Quero repetir aqui claramente: ainda que na Igreja se constatasse um único caso de abuso – o que em si já constitui uma monstruosidade –, tratar-se-á dele com a máxima seriedade. Irmãos e irmãs: na ira justificada das pessoas, a Igreja vê o reflexo da ira de Deus, traído e esbofeteado por estes consagrados desonestos. O eco do grito silencioso dos menores, que, em vez de encontrar neles paternidade e guias espirituais, acharam algozes, fará abalar os corações anestesiados pela hipocrisia e o poder. Temos o dever de ouvir atentamente este sufocado grito silencioso.
É difícil, porém, compreender o fenómeno dos abusos sexuais contra os menores sem a consideração do poder, pois aqueles são sempre a consequência do abuso de poder, a exploração duma posição de inferioridade do indefeso abusado que permite a manipulação da sua consciência e da sua fragilidade psicológica e física. O abuso de poder está presente também nas outras formas de abusos de que são vítimas quase oitenta e cinco milhões de crianças, no esquecimento geral: as crianças-soldado, os menores prostituídos, as crianças desnutridas, as crianças raptadas e frequentemente vítimas do monstruoso comércio de órgãos humanos, ou então transformadas em escravos, as crianças vítimas das guerras, as crianças refugiadas, as crianças abortadas, etc.

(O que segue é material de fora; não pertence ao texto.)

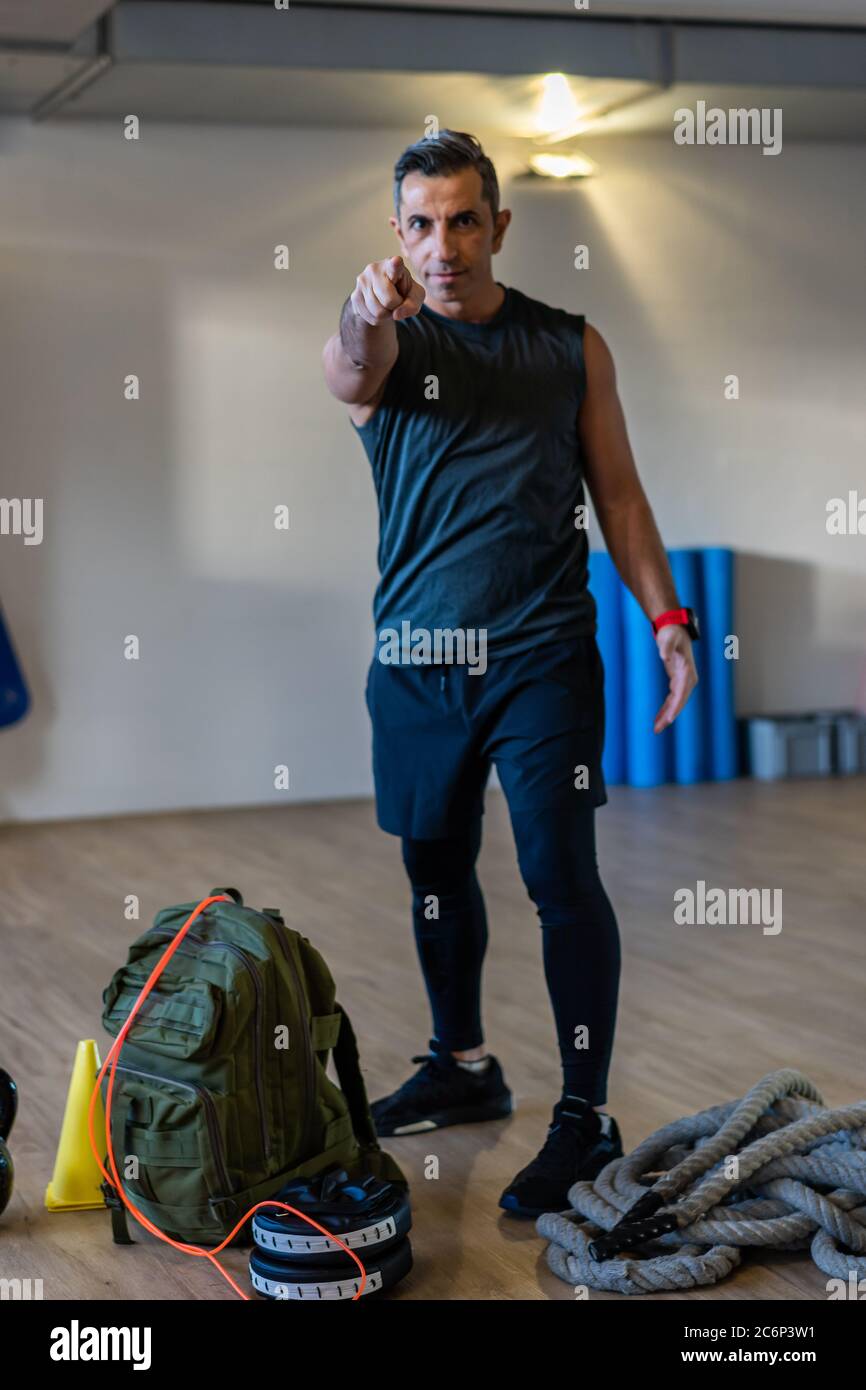 Der Trainer zeigt mit dem Zeigefinger auf die Kamera. Motivierter Boot Camp Instructor steht mit Hanteln, Seil, Sandsack auf Holzboden in der Turnhalle. Stockfoto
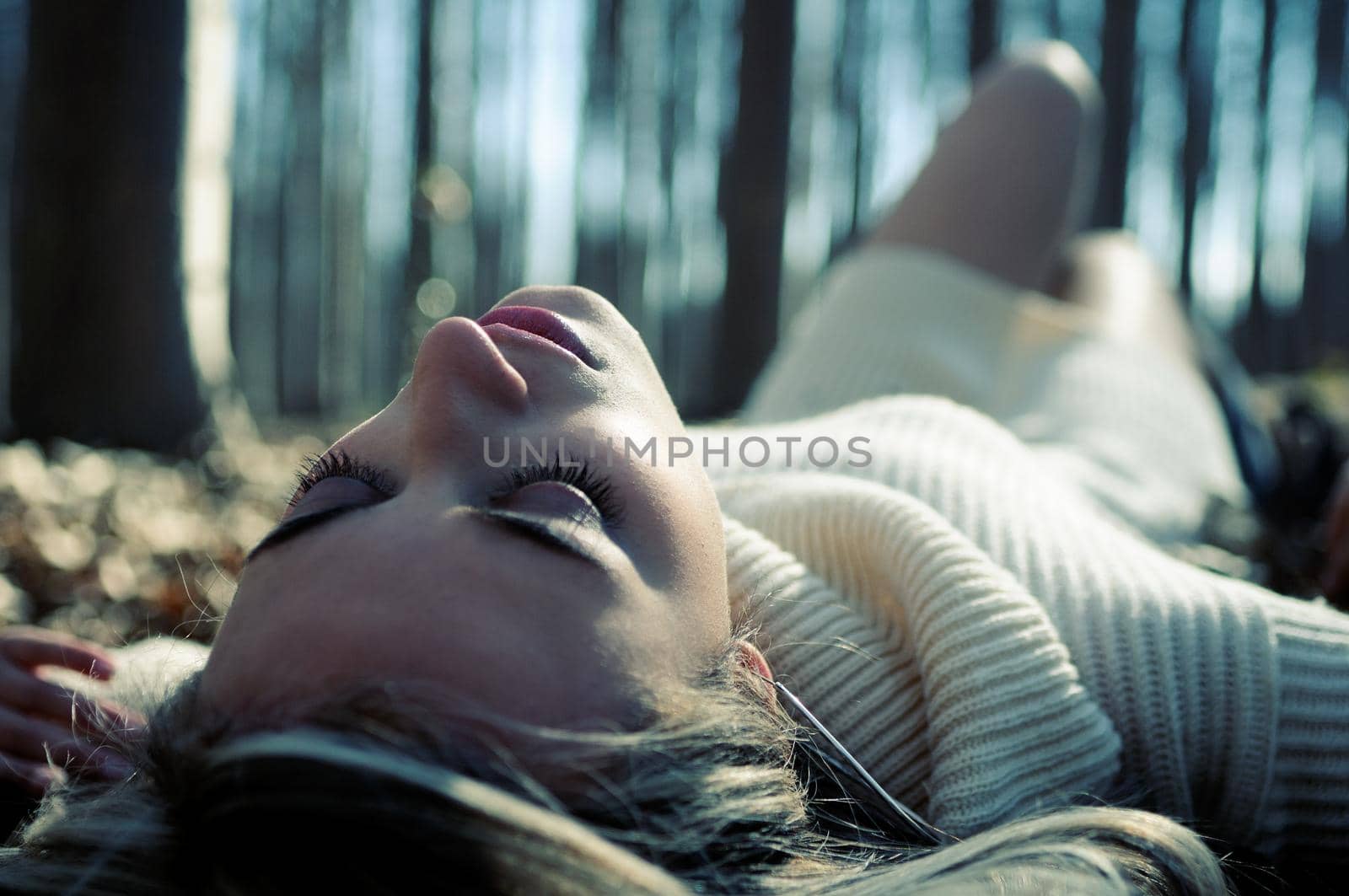Beautiful blonde girl lying on leaves in a forest of poplars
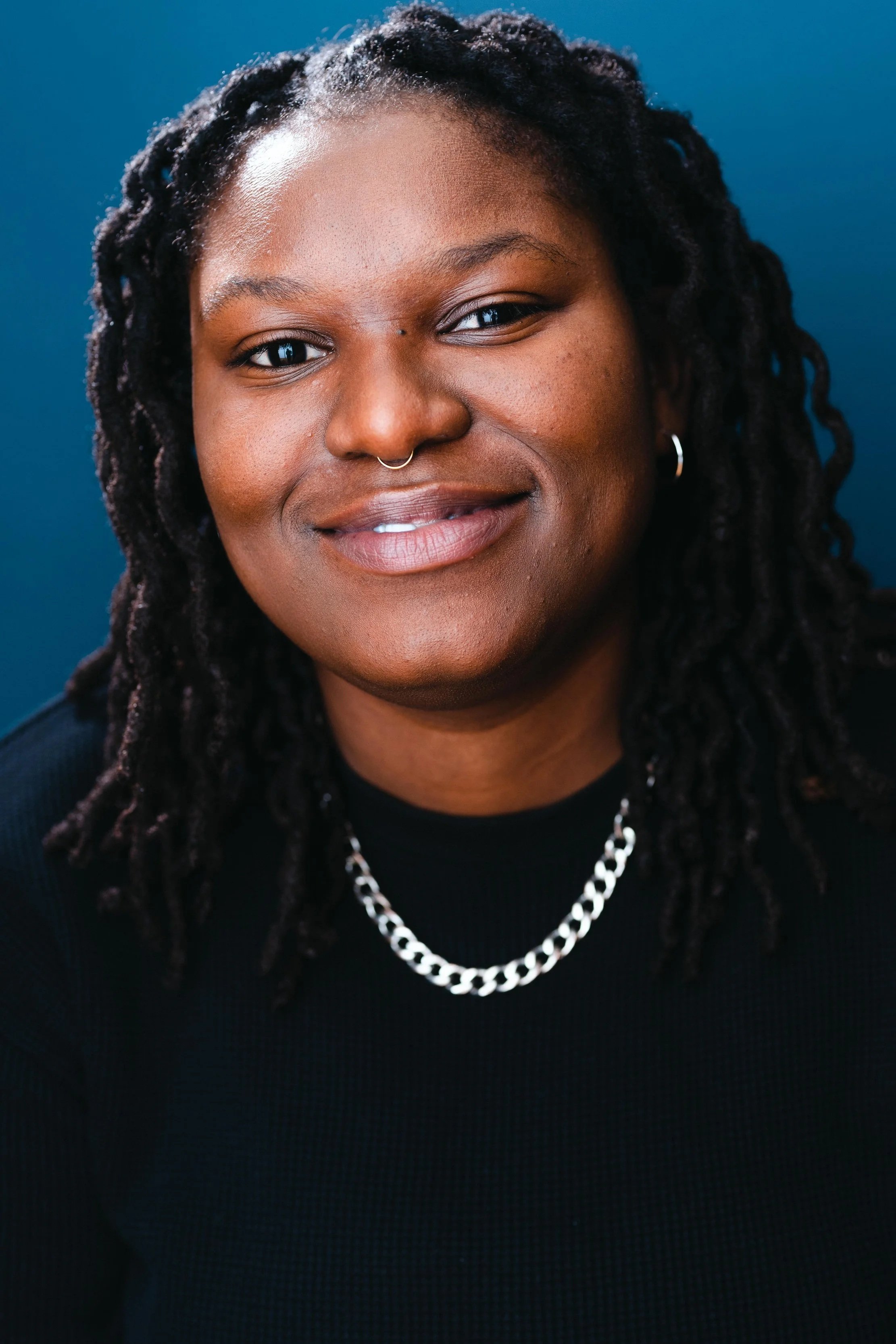 Close-up of a smiling African American woman with dreadlocks, wearing a black top, a silver chain necklace, earrings, and a septum piercing, against a blue background.
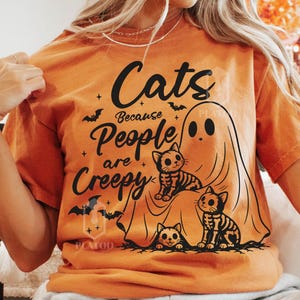 May include: An orange t-shirt featuring a black graphic print of three cats and a ghost. The text reads, "Cats Because People are Creepy." The design includes small bat silhouettes and stars, with one cat depicted as a skeleton and another as a tabby.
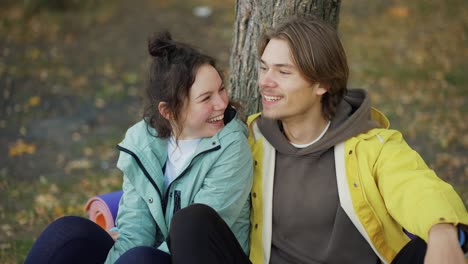 smiling couple of tourists resting together on the ground, trekking backpacker travelers concept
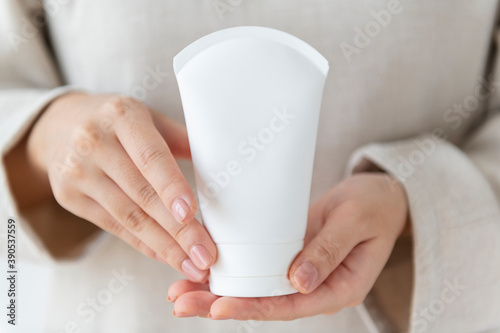 Woman holding a facial cream tube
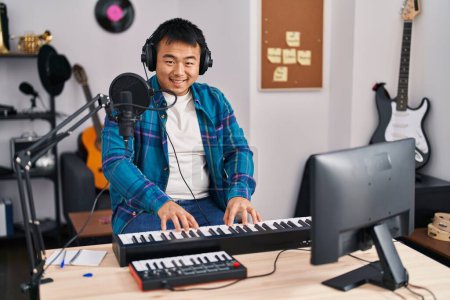 Foto de Young chinese man singer singing song playing piano keyboard at music studio - Imagen libre de derechos
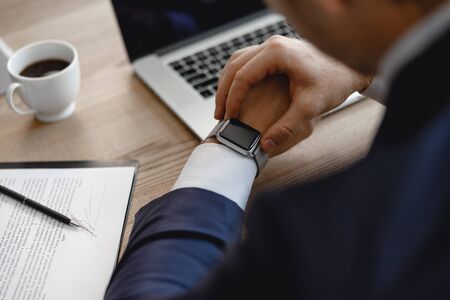 Close up of hand touching smart watch on the wristの写真素材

Perante tanta crueldade, tanto sacrifício idólatra das crianças ao deus poder, dinheiro, orgulho, soberba, não são suficientes meras explicações empíricas; estas não são capazes de fazer compreender a amplitude e a profundidade deste drama. A hermenêutica positivista demonstra, mais uma vez, a sua limitação. Dá-nos uma explicação verdadeira que nos ajudará a tomar as medidas necessárias, mas não é capaz de nos indicar o significado. E hoje precisamos de explicações e significados. As explicações ajudar-nos-ão imenso no sector operativo, mas deixar-nos-ão a meio do caminho.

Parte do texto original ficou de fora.